── Data for this task
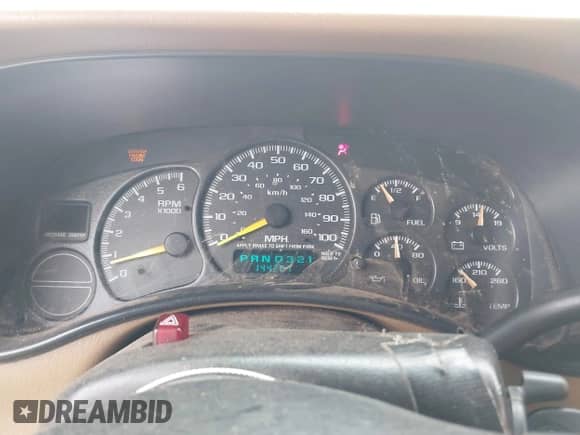 2000 GMC Sierra 1500 SLE z VIN 1GTEC19T5YZ262796, wystawiony jako IAAI lot #42942779 z przebiegiem 144 201 mil mil oraz . Historia ofert i sprzedaży dostępna na DreamBid. Obrazek 7.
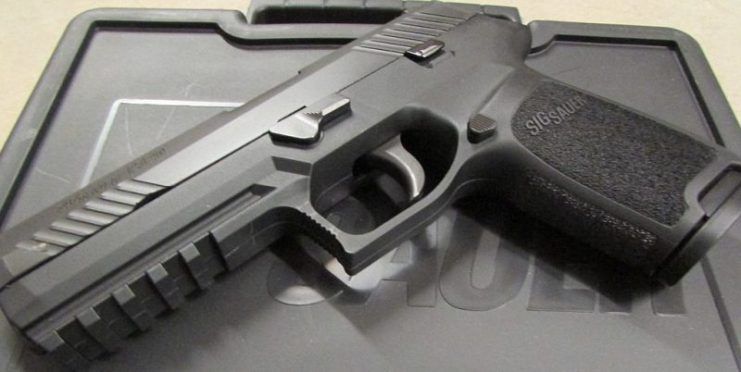 A standard Sig Sauer P320. By TexasWarhawk CC BY-SA 4.0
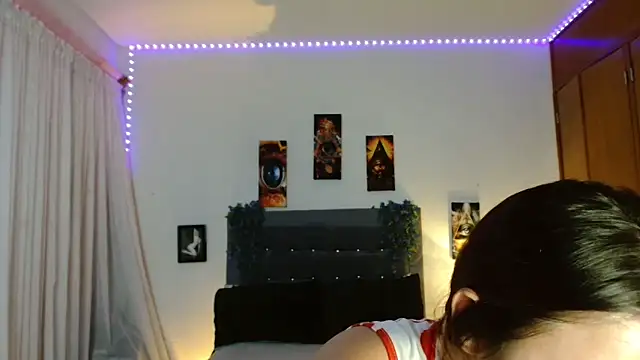 3littleschoolteens online show from 11-18-25, 05:45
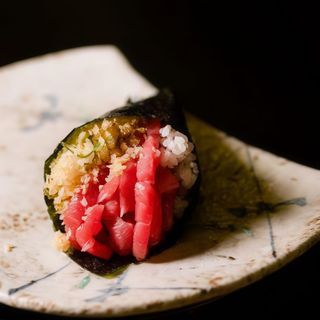 Temaki de toro macerado crunch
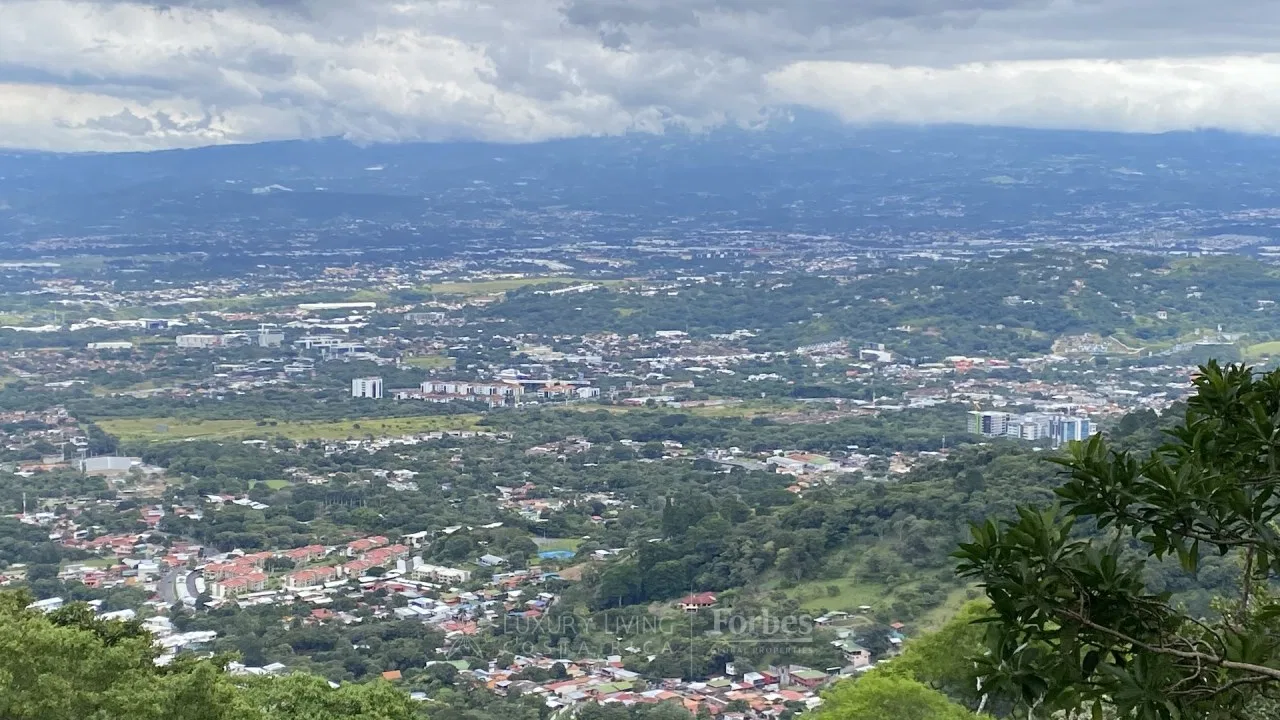 Lot 3876 m2, spectacular city view in condominium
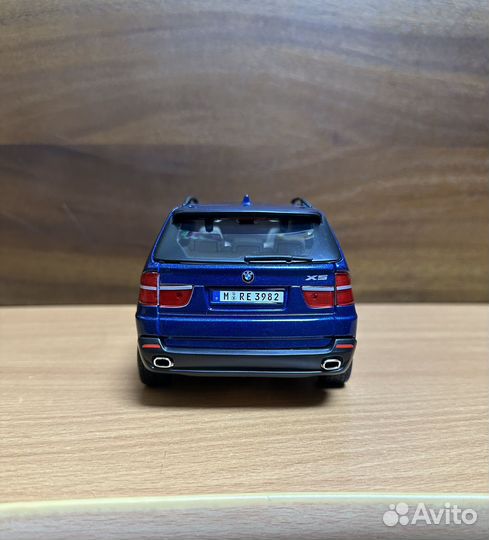 Масштабная модель BMW X5 1:18
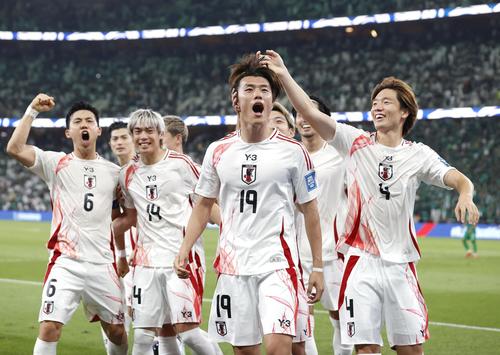日本―サウジアラビア　後半、チーム2点目のゴールを決め、喜ぶ小川（19）ら＝ジッダ（共同）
────
Once the pictures are removed, print all the remaining data exactly as it stands.

**Your response**
 2000 GMC Sierra 1500 SLE z VIN 1GTEC19T5YZ262796, wystawiony jako IAAI lot #42942779 z przebiegiem 144 201 mil mil oraz . Historia ofert i sprzedaży dostępna na DreamBid. Obrazek 7.
 A standard Sig Sauer P320. By TexasWarhawk CC BY-SA 4.0
 3littleschoolteens online show from 11-18-25, 05:45
 Temaki de toro macerado crunch
 Lot 3876 m2, spectacular city view in condominium
 Масштабная модель BMW X5 1:18
日本―サウジアラビア　後半、チーム2点目のゴールを決め、喜ぶ小川（19）ら＝ジッダ（共同）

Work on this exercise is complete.